(DATA FOR ANALYSIS)

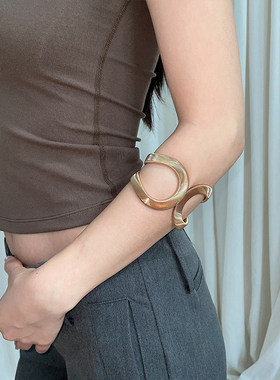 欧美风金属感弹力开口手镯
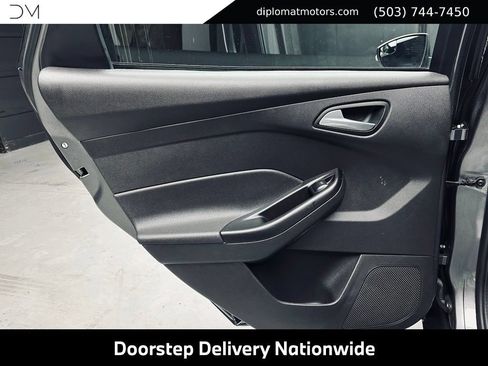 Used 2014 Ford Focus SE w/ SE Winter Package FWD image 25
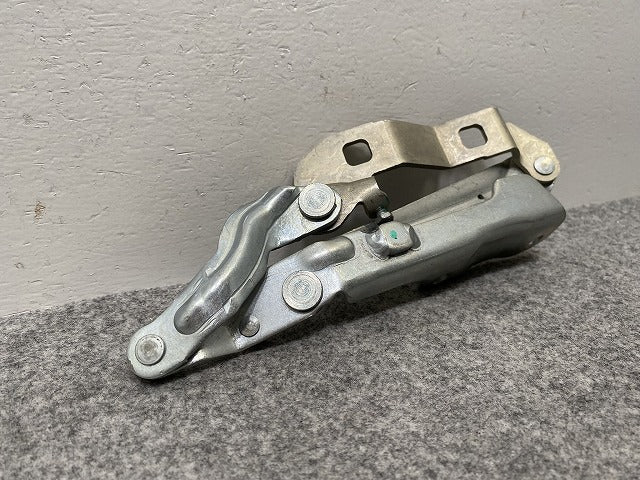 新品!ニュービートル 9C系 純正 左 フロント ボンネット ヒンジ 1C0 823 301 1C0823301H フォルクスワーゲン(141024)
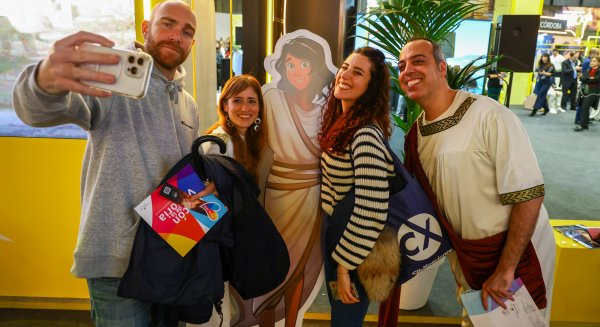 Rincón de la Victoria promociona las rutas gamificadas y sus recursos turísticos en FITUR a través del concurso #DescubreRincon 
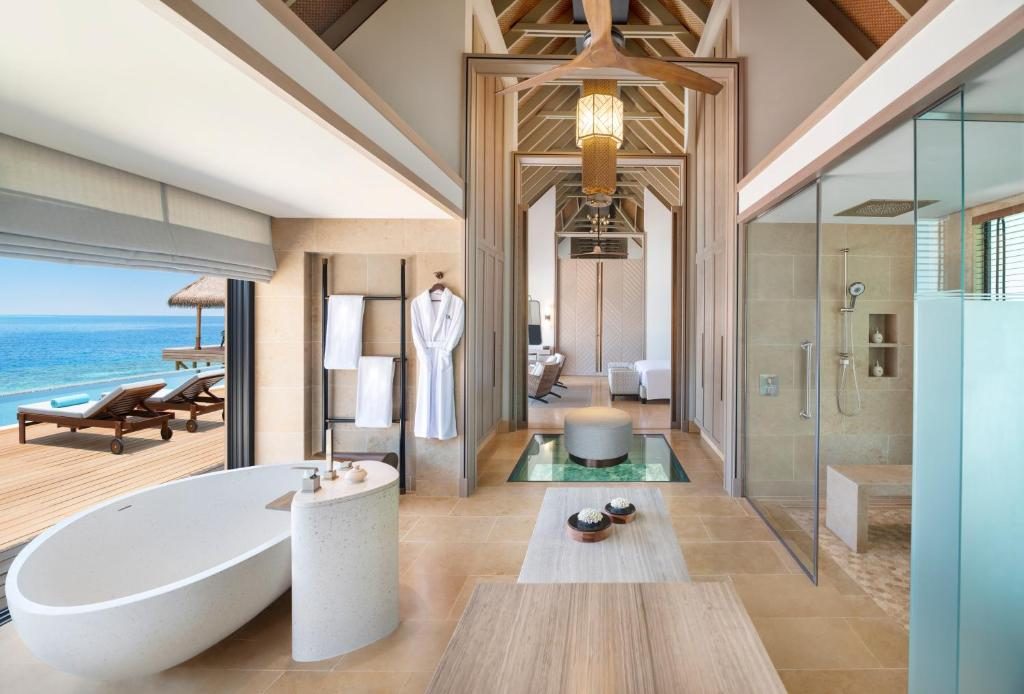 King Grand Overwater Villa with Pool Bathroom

(End DATA FOR ANALYSIS)

> WORK INSTRUCTION
Exactly the lines from the one that contains "新品!ニュービートル 9C系 純正" through the last line of the records should be set down, and the pictures should be dropped.

> PROBLEM SOLUTION
 新品!ニュービートル 9C系 純正 左 フロント ボンネット ヒンジ 1C0 823 301 1C0823301H フォルクスワーゲン(141024)
 Rincón de la Victoria promociona las rutas gamificadas y sus recursos turísticos en FITUR a través del concurso #DescubreRincon 
 King Grand Overwater Villa with Pool Bathroom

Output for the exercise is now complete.